**Task to carry out:** Could you set down exactly the lines in the records below between the line holding "媒体人再谈石油杯：有参与俱乐部计划 LOL项目不包括LPL为时尚早" and the line holding "2003 GMC Sierra Image 28", inclusive?
===== Study material =====
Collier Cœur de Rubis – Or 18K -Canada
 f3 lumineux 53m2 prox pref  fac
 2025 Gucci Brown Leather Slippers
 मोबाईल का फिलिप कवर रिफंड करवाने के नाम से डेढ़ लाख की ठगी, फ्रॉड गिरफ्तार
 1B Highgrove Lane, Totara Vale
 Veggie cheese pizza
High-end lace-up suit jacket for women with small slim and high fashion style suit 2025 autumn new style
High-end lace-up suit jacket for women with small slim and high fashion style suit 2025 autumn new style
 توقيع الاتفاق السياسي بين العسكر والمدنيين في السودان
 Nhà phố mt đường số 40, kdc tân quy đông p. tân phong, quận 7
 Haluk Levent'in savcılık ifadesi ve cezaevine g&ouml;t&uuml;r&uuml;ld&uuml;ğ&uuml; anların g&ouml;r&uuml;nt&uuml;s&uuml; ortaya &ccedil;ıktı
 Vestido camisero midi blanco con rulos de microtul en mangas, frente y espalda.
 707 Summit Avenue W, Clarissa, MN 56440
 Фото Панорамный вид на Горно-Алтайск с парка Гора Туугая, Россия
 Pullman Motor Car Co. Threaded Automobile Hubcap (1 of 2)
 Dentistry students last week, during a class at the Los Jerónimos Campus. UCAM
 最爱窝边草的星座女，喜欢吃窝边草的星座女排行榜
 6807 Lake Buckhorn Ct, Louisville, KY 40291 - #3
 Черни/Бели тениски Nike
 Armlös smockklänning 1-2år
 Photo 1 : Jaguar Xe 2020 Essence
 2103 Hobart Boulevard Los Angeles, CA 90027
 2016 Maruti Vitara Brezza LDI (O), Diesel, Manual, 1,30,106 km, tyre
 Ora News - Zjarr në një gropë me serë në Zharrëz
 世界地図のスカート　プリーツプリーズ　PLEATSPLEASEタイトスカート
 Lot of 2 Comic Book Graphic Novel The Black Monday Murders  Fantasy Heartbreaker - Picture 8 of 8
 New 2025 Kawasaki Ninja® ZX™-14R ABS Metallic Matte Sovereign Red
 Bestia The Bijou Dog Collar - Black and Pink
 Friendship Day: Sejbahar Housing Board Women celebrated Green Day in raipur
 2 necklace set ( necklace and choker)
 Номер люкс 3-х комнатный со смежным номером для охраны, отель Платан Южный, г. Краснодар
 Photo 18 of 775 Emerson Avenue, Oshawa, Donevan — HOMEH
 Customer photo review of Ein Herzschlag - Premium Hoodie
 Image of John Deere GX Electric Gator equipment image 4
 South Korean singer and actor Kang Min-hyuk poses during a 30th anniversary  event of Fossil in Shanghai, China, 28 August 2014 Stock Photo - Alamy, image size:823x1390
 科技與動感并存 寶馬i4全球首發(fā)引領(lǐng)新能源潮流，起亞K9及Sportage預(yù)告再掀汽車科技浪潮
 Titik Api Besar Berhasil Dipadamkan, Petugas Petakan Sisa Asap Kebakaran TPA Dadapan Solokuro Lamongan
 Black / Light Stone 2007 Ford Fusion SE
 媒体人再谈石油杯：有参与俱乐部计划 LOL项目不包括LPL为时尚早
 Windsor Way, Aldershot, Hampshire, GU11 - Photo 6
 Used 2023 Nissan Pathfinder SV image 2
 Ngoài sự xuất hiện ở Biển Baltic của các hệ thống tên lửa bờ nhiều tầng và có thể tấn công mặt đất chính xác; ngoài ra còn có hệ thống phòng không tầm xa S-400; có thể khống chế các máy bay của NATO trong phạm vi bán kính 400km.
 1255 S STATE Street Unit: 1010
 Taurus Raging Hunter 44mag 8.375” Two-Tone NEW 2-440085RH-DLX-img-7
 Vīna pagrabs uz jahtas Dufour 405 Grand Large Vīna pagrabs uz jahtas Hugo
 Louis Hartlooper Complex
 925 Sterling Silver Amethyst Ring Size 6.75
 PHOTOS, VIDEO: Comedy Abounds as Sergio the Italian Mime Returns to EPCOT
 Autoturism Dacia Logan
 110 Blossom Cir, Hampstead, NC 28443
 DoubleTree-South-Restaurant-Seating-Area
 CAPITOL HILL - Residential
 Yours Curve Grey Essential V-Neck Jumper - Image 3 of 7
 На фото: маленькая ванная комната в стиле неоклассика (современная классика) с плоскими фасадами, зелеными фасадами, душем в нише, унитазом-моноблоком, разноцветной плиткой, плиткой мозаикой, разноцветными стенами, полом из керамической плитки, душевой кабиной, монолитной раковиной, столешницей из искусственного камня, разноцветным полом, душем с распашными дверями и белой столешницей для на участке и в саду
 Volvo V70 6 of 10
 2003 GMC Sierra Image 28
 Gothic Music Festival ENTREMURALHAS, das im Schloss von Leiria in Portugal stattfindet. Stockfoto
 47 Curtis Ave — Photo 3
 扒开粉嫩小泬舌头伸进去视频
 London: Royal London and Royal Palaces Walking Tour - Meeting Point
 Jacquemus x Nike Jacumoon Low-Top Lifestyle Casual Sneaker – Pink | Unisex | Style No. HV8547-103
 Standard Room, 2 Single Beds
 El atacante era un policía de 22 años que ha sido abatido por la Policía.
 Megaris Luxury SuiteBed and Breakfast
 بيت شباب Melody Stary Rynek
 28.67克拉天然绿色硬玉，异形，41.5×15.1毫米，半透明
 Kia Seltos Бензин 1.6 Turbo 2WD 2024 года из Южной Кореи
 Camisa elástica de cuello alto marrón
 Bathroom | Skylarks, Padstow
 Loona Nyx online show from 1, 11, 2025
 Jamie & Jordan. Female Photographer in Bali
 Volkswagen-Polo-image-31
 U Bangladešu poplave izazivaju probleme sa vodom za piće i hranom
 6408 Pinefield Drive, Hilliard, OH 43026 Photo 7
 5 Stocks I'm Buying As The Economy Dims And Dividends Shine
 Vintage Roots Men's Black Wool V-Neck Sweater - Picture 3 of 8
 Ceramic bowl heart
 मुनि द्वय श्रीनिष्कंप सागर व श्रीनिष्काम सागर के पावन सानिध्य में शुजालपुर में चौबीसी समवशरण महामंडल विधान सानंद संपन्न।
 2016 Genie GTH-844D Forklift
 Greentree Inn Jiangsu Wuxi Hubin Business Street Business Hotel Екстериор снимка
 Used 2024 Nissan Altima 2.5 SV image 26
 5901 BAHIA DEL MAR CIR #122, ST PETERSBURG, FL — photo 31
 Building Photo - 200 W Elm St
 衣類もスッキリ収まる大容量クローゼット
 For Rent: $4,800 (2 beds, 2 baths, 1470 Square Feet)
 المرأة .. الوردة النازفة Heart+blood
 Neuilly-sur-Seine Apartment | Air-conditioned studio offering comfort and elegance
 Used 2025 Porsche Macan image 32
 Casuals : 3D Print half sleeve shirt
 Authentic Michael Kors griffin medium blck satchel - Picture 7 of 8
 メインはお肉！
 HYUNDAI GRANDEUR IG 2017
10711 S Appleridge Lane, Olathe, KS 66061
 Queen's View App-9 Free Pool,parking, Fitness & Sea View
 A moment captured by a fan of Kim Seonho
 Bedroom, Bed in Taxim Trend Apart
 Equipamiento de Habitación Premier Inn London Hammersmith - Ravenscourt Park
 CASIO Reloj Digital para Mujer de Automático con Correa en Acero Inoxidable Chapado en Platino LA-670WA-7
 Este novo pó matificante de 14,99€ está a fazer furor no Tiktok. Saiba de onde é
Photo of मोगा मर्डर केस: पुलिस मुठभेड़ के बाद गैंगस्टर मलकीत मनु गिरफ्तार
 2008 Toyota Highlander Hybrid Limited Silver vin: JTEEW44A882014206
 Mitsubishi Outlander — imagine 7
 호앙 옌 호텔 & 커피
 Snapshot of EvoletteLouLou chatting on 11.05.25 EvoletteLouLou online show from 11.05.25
=====
**Exercise solution:**
 媒体人再谈石油杯：有参与俱乐部计划 LOL项目不包括LPL为时尚早
 Windsor Way, Aldershot, Hampshire, GU11 - Photo 6
 Used 2023 Nissan Pathfinder SV image 2
 Ngoài sự xuất hiện ở Biển Baltic của các hệ thống tên lửa bờ nhiều tầng và có thể tấn công mặt đất chính xác; ngoài ra còn có hệ thống phòng không tầm xa S-400; có thể khống chế các máy bay của NATO trong phạm vi bán kính 400km.
 1255 S STATE Street Unit: 1010
 Taurus Raging Hunter 44mag 8.375” Two-Tone NEW 2-440085RH-DLX-img-7
 Vīna pagrabs uz jahtas Dufour 405 Grand Large Vīna pagrabs uz jahtas Hugo
 Louis Hartlooper Complex
 925 Sterling Silver Amethyst Ring Size 6.75
 PHOTOS, VIDEO: Comedy Abounds as Sergio the Italian Mime Returns to EPCOT
 Autoturism Dacia Logan
 110 Blossom Cir, Hampstead, NC 28443
 DoubleTree-South-Restaurant-Seating-Area
 CAPITOL HILL - Residential
 Yours Curve Grey Essential V-Neck Jumper - Image 3 of 7
 На фото: маленькая ванная комната в стиле неоклассика (современная классика) с плоскими фасадами, зелеными фасадами, душем в нише, унитазом-моноблоком, разноцветной плиткой, плиткой мозаикой, разноцветными стенами, полом из керамической плитки, душевой кабиной, монолитной раковиной, столешницей из искусственного камня, разноцветным полом, душем с распашными дверями и белой столешницей для на участке и в саду
 Volvo V70 6 of 10
 2003 GMC Sierra Image 28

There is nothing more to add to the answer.